> _PROMPT_: Write out exactly the lines running from the one with "Used 2022 Nissan" to the end of the data, including both of those lines and excluding pictures.

> _INPUT DATA_:
──────

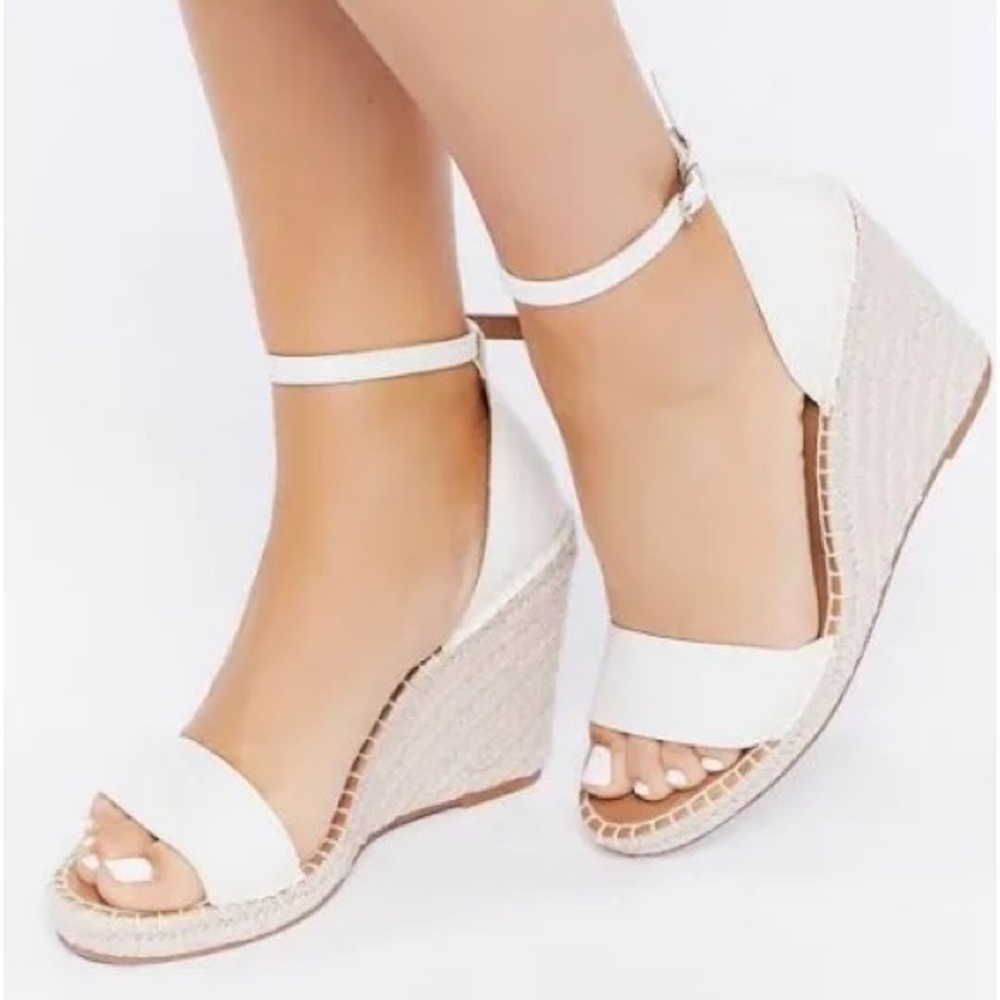 NWT Forever 21 white atrappy espadrille sandals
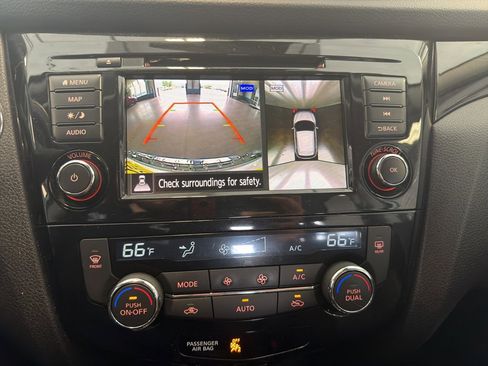 Used 2022 Nissan Rogue Sport SL AWD/4WD image 19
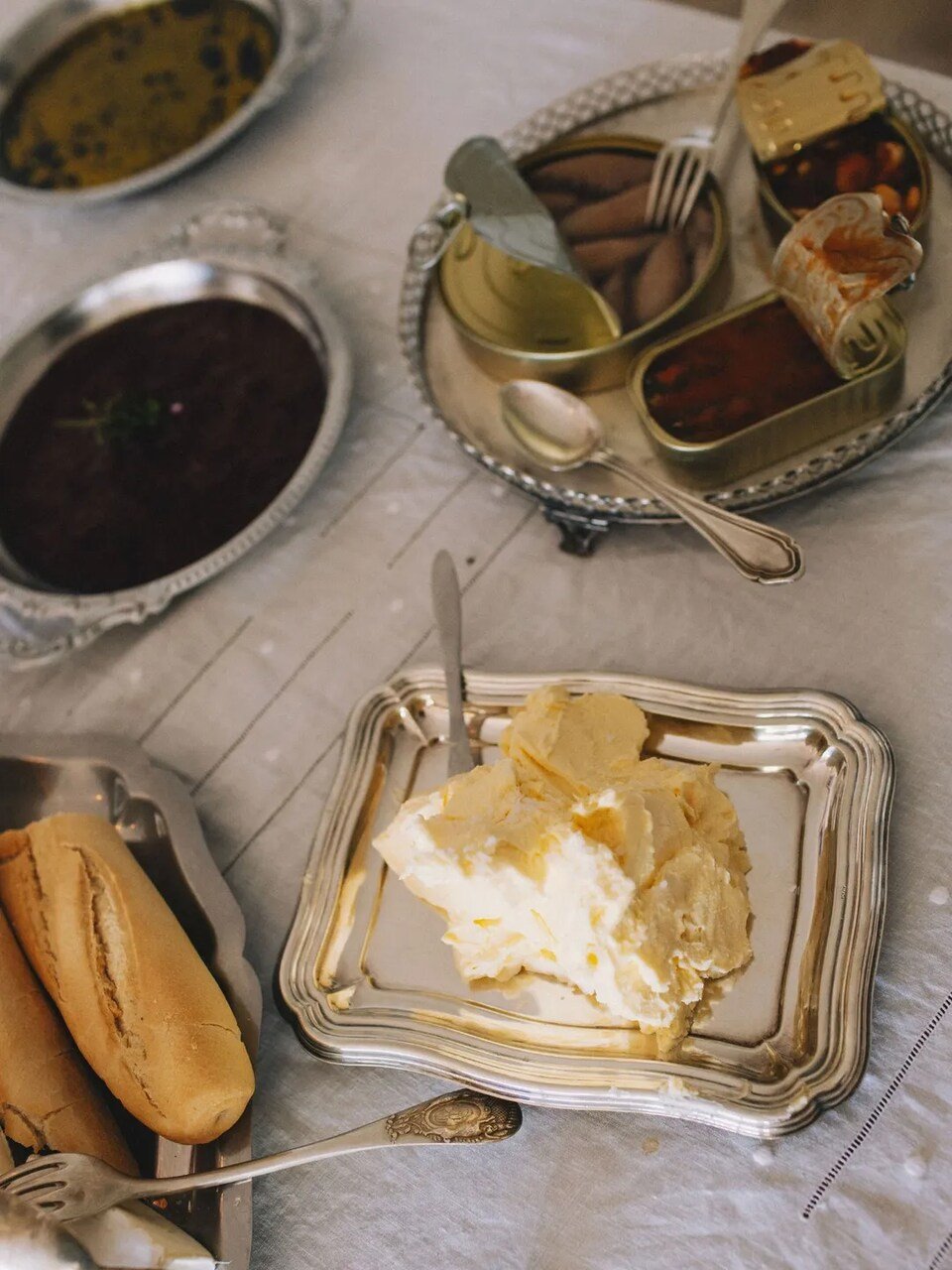 María Matos: «El mayor error al montar la mesa en Navidad son los centros altos, las velas…»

──────

> _RESULT FOR THIS TASK_:
 Used 2022 Nissan Rogue Sport SL AWD/4WD image 19
 María Matos: «El mayor error al montar la mesa en Navidad son los centros altos, las velas…»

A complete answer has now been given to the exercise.